### What needs to be done
The listing is to be transcribed in full, with its images left out.

### Input material
:::::

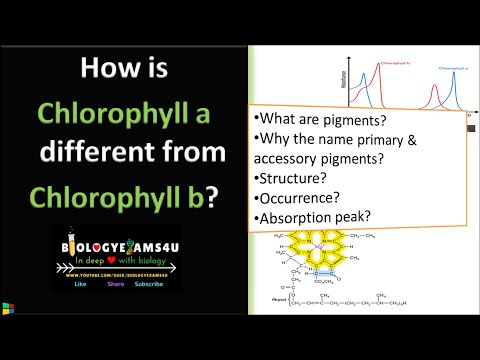 Difference between Chlorophyll a and Chlorophyll b in photosynthesis.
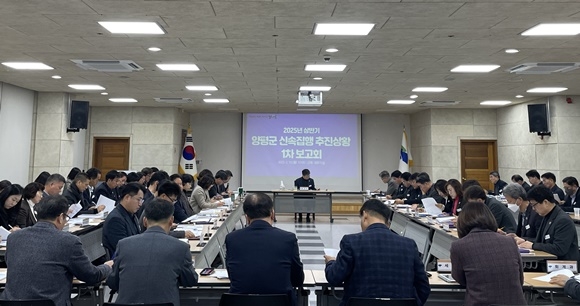 ����, 2025��.jpg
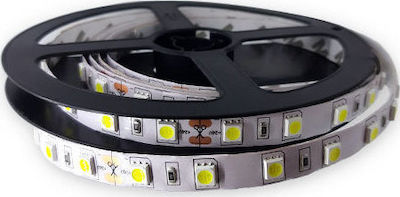 Eurolamp Ταινία LED Τροφοδοσίας 24V με Ψυχρό Λευκό Φως Μήκους 5m και 60 LED ανά Μέτρο Τύπου SMD5050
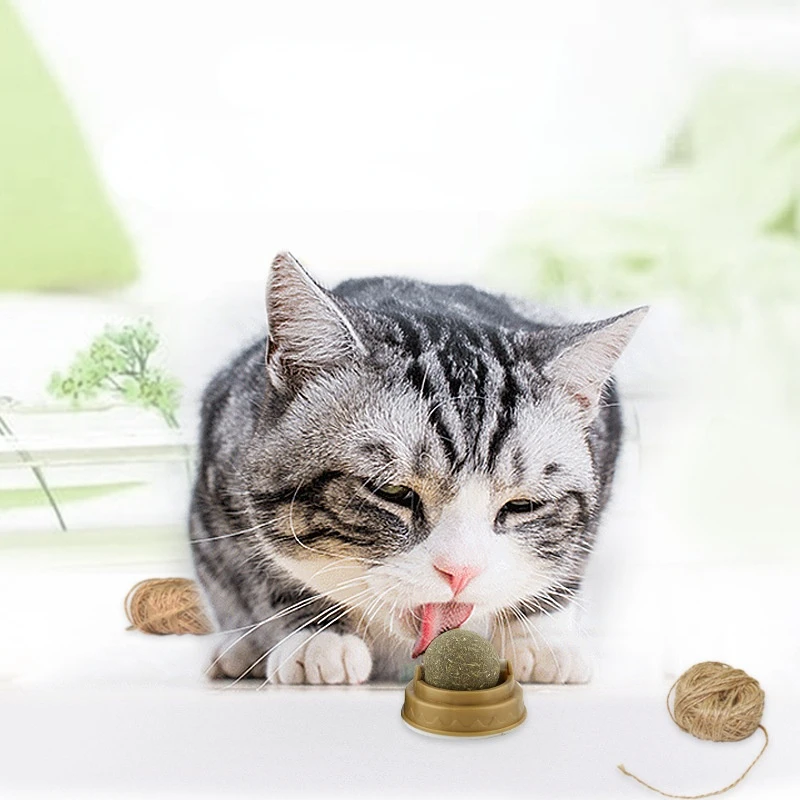 Настенная игрушка-шарик для кошек, подходит для здорового и натурального  устранения шерсти | AliExpress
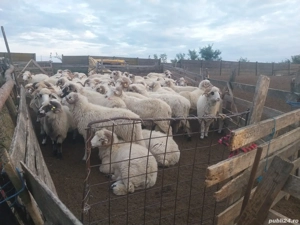 Vand  berbeci cu origine - imagine 2 Vand  berbeci cu origine - imagine 2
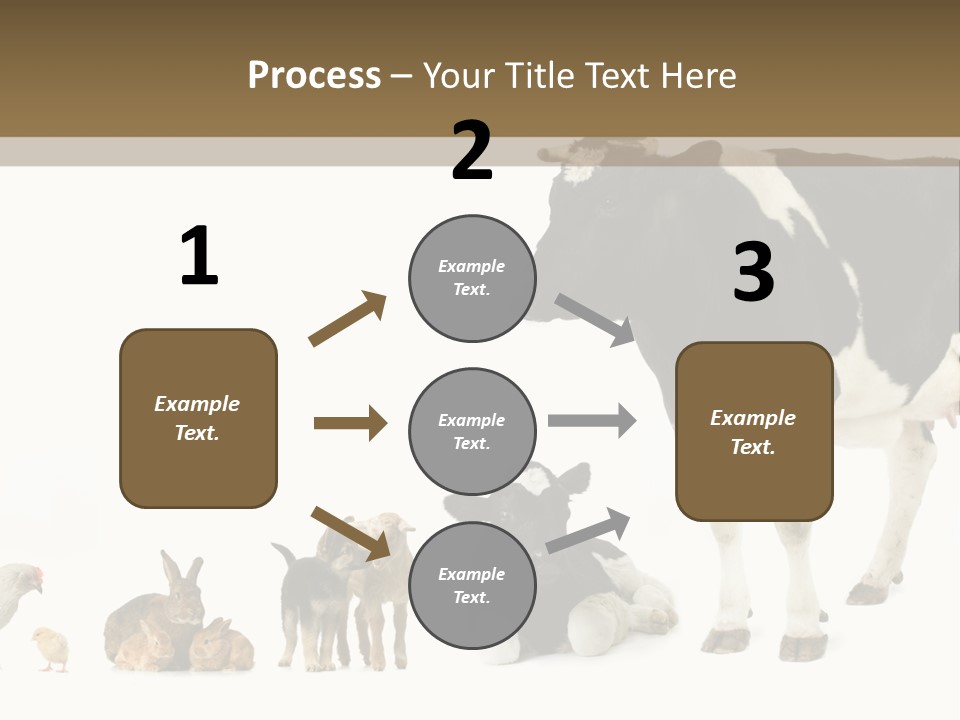 Animaux Animal De Ferme Mammif PowerPoint Template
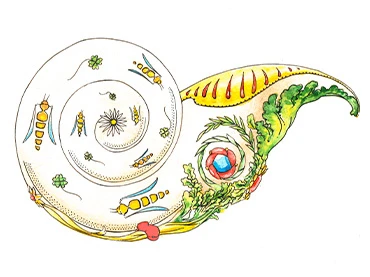 Élan d&#039;Orphium, Vaso de fortuna, 2023
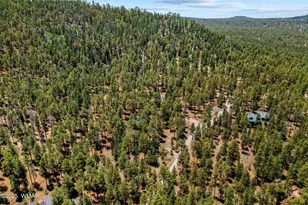 30 N1068, Greer, AZ 85927 - Photo 45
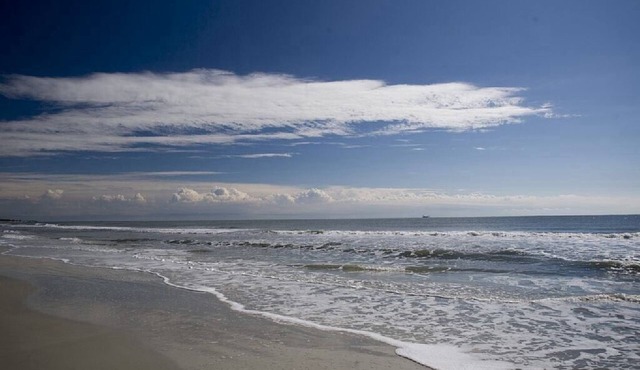 Charming Two Bedroom First Floor Condo Close To Tennis, Golf, and The Beach. in Hilton Head Island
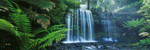 Russel Falls I von John Xiong
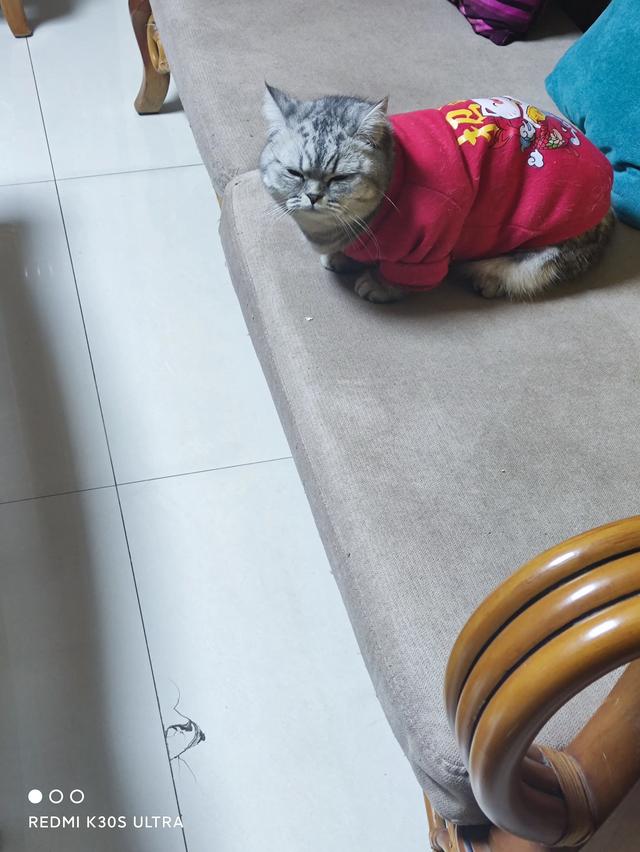 为什么猫更喜欢跟女主人玩耍？插图16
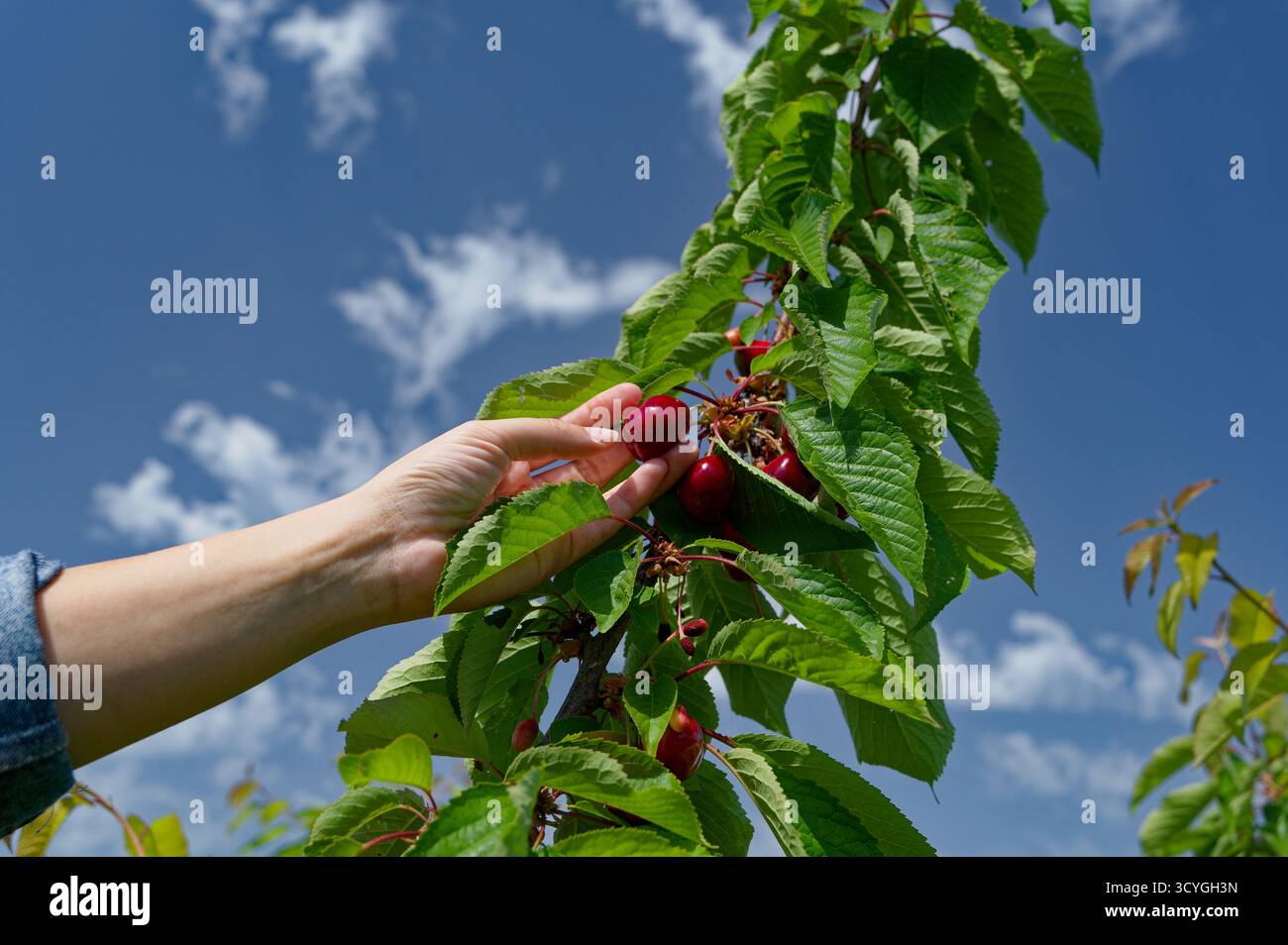 Main atteint pour les cerises mûres sur une branche sous un ciel d'été lumineux à une Quinta nommée da Barroca Banque D'Images
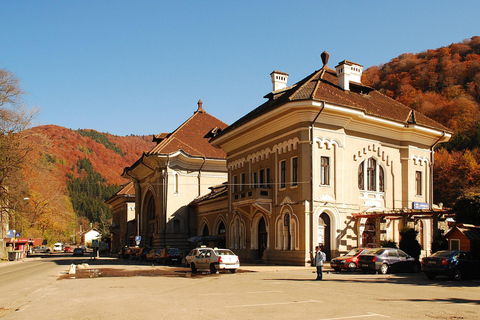 Bucharest to Sinaia Day Trip: Peles Castle & Scenic Gondola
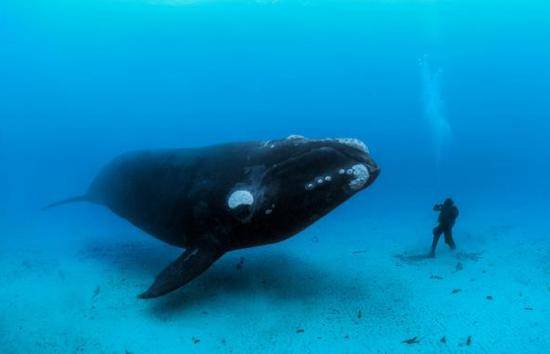 海军某潜艇支队336潜艇艇长黄东海：骑鲸蹈海急先锋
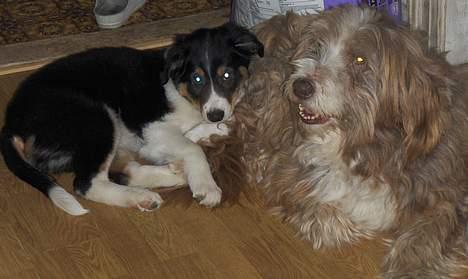 Bearded collie Bounty R.I.P - Bounty´s bedste ven er lille Baloo og det har han været fra den dag Baloo kom hertil. billede 4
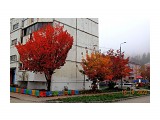 DSC04760

Просмотров: 232
Комментариев: 0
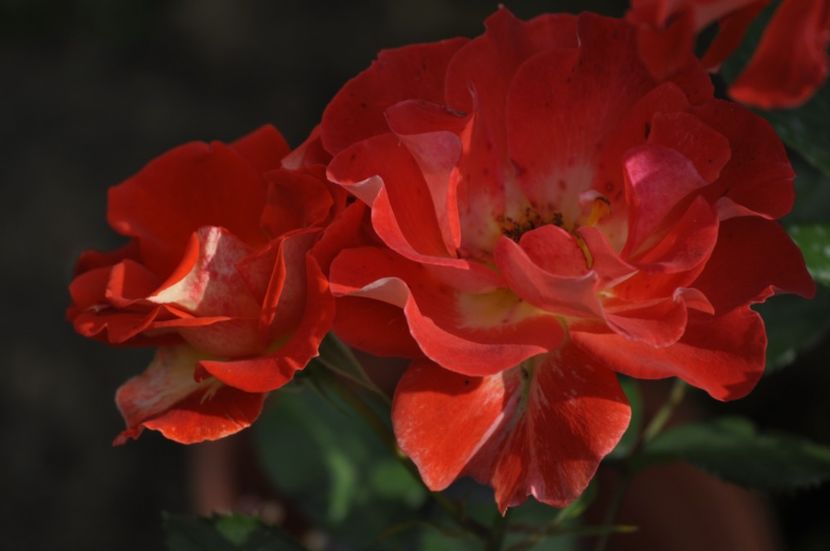 _DSC0222 - VARA 2021_2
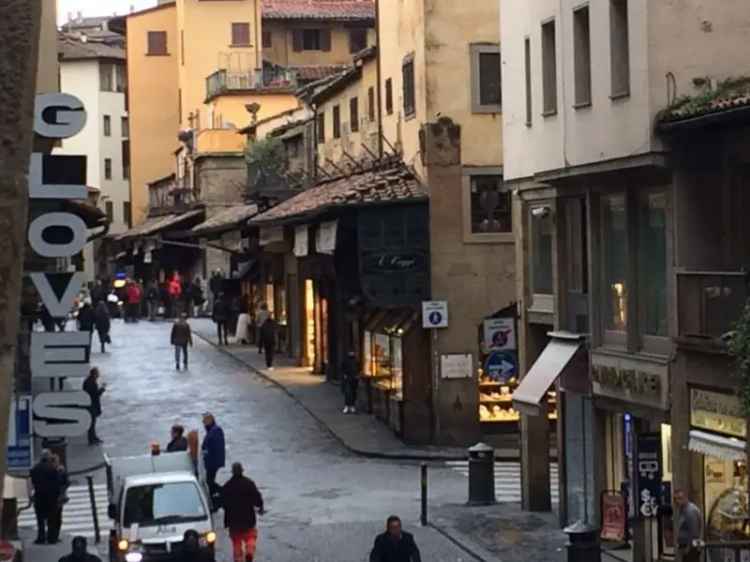 Appartamento in in affitto da privato a Firenze piazza Santo Stefano, 2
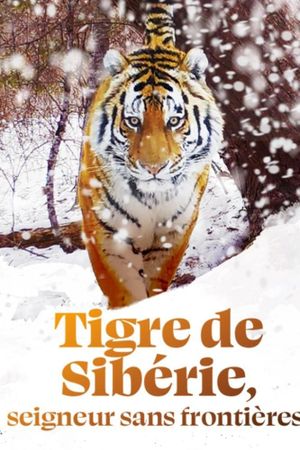 Siberian Tiger, The Secret Kingdom's poster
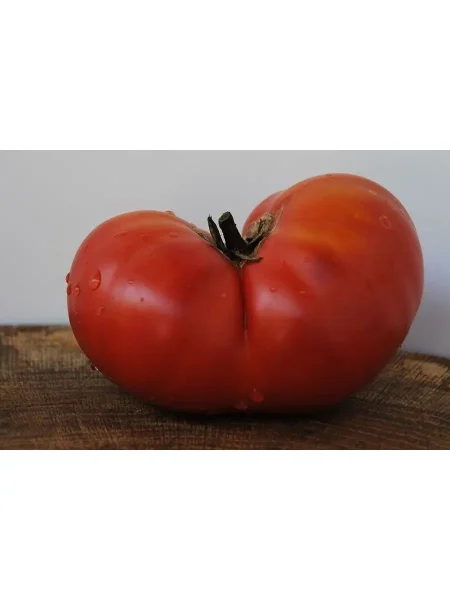 kartofelnyy-malinovyy-2-142968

:::::

### Reply
 Difference between Chlorophyll a and Chlorophyll b in photosynthesis.
 ����, 2025��.jpg
 Eurolamp Ταινία LED Τροφοδοσίας 24V με Ψυχρό Λευκό Φως Μήκους 5m και 60 LED ανά Μέτρο Τύπου SMD5050
 Настенная игрушка-шарик для кошек, подходит для здорового и натурального  устранения шерсти | AliExpress
 Vand  berbeci cu origine - imagine 2 Vand  berbeci cu origine - imagine 2
 Animaux Animal De Ferme Mammif PowerPoint Template
 Élan d&#039;Orphium, Vaso de fortuna, 2023
 30 N1068, Greer, AZ 85927 - Photo 45
 Charming Two Bedroom First Floor Condo Close To Tennis, Golf, and The Beach. in Hilton Head Island
 Russel Falls I von John Xiong
 为什么猫更喜欢跟女主人玩耍？插图16
 Main atteint pour les cerises mûres sur une branche sous un ciel d'été lumineux à une Quinta nommée da Barroca Banque D'Images
 Bucharest to Sinaia Day Trip: Peles Castle & Scenic Gondola
 海军某潜艇支队336潜艇艇长黄东海：骑鲸蹈海急先锋
 Bearded collie Bounty R.I.P - Bounty´s bedste ven er lille Baloo og det har han været fra den dag Baloo kom hertil. billede 4
 DSC04760

Просмотров: 232
Комментариев: 0
 _DSC0222 - VARA 2021_2
 Appartamento in in affitto da privato a Firenze piazza Santo Stefano, 2
 Siberian Tiger, The Secret Kingdom's poster
 kartofelnyy-malinovyy-2-142968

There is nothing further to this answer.